I say Godzilla "came to" Tokyo, because it's not evident that Godzilla is attacking Tokyo per se, any more than you're attacking any bugs you might happen to be walking upon. Where exactly was Godzilla headed when the SDF first tried to bring him down? Is he being lured there in some fashion, perhaps according to a scheme set in motion by (missing scientist) Goro Maki? Maybe the abandoned yacht in the bay was the lure--but then why leave the bay and start heading upriver?

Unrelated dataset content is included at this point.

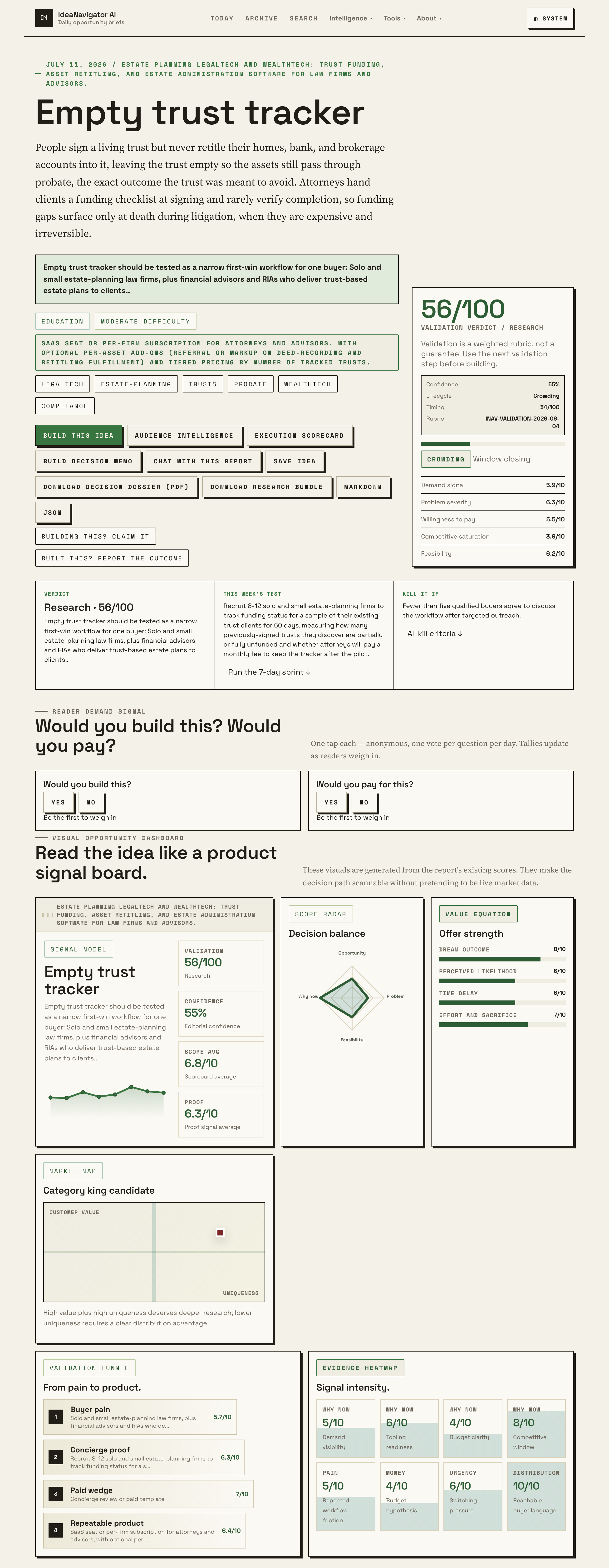 A Trust Funding Tracker For Estate Planning Professionals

In an ironic reflection of the SDF's role, it also wasn't clear to me that Godzilla ever unleashes his weapons to "destroy Tokyo," only to defend himself. In fact, it's not even clear his gouts of flame and laser beams are "weapons." A lot of what happens seems like a response to injury. It's almost like, if you drop a bomb on a nuclear reactor and it starts spewing out superheated steam and radiation, do you then say the reactor is "attacking" you? This raises another irony--maybe there would have been less destruction if the SDF had not resisted and just let Godzilla go wherever it was going in the first place, although if true that's only hindsight--it's not like you could tell any government "just let it stomp--if you provoke it, it will become more dangerous," even if that is actually true.

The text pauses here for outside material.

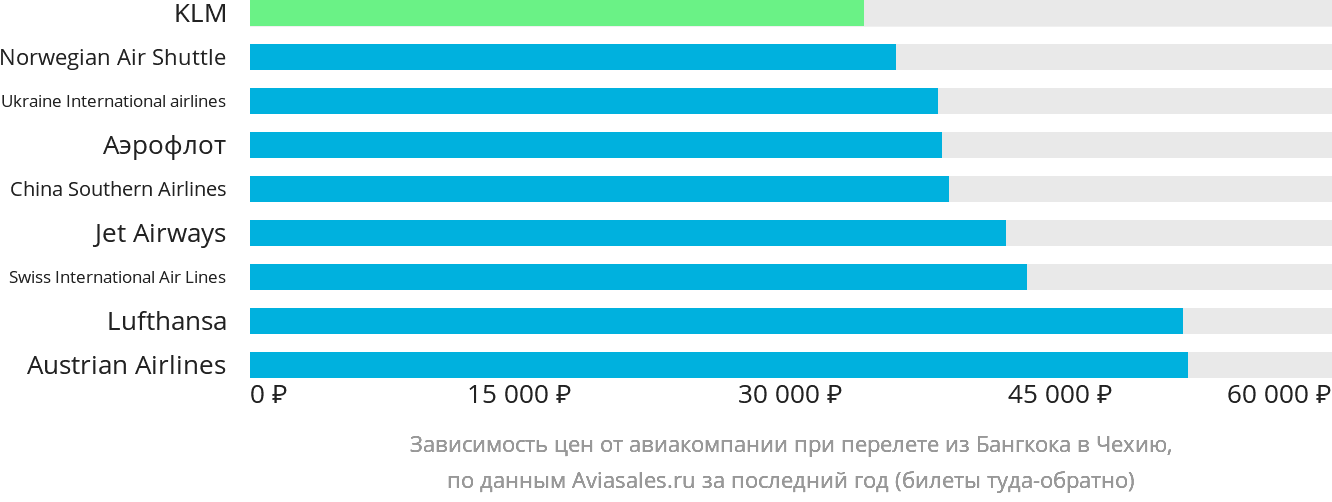Динамика цен в зависимости от авиакомпании, совершающей перелёт из Бангкока в Чехию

Fishing for monsters in Patlabor WXIII
You make a good comparison of Shin Godzilla to the third Patlabor movie (WXIII), and I also remember your comment when WXIII came out on how well the film depicted the real, workaday Tokyo (rather than the romantic one of neon and giant screens), just as Shin Godzilla does. Unlike the first two Patlabor films, Oshii did not direct WXIII, of course, but it's worthwhile to compare backgrounds at this point. Oshii and Anno are only nine years apart in age--but when you fit them into post-war Japan, those nine years may be critical in shaping their political perspectives.
Oshii was of the last generation of Japanese youth to be associated with political activism and even radicalism. He was an eight year-old in Tokyo during the massive ANPO protests of 1960--when he was 20, the Red Army was in full effect; he talks about the atmosphere of those days with Naoki Yamamoto in his recent manga series, Red. When Anno was 20, he was making Ultraman films for class credit. Things in the game done changed. Otaku would one day be linked with the AUM cult, but I submit that kind of homegrown apocalyptic cult (Galapagos terror, if you will) was not connected to the networks of radical world politics the way the Red Army was.
Coup by kaiju in Shin Godzilla
Shin Godzilla is both more and less a depiction of radical politics in Japan than Oshii's Patlabor 2--and by radical, I mean the use of open violence to achieve political change. Less, because Patlabor 2's antagonist seeks to provoke change by using attacks against roads, communications, and materiel to create every appearance of a coup but the coup itself--i.e., his targets are not the physical persons of Japan's leadership. But more, because Shin Godzilla's narrative actually goes that far. Not to be overlooked in Anno's equation is the script's decapitating strike that kills Japan's senior leadership, leaving a clearer path for the younger people to execute their plan. You couldn't call it a "coup," for the same reason you couldn't call what Godzilla does an "attack." Nevertheless, it has the practical effect of a coup, and perhaps Mr. Abe, whose cabinet members average age 60, should take a closer look at what the film might be saying.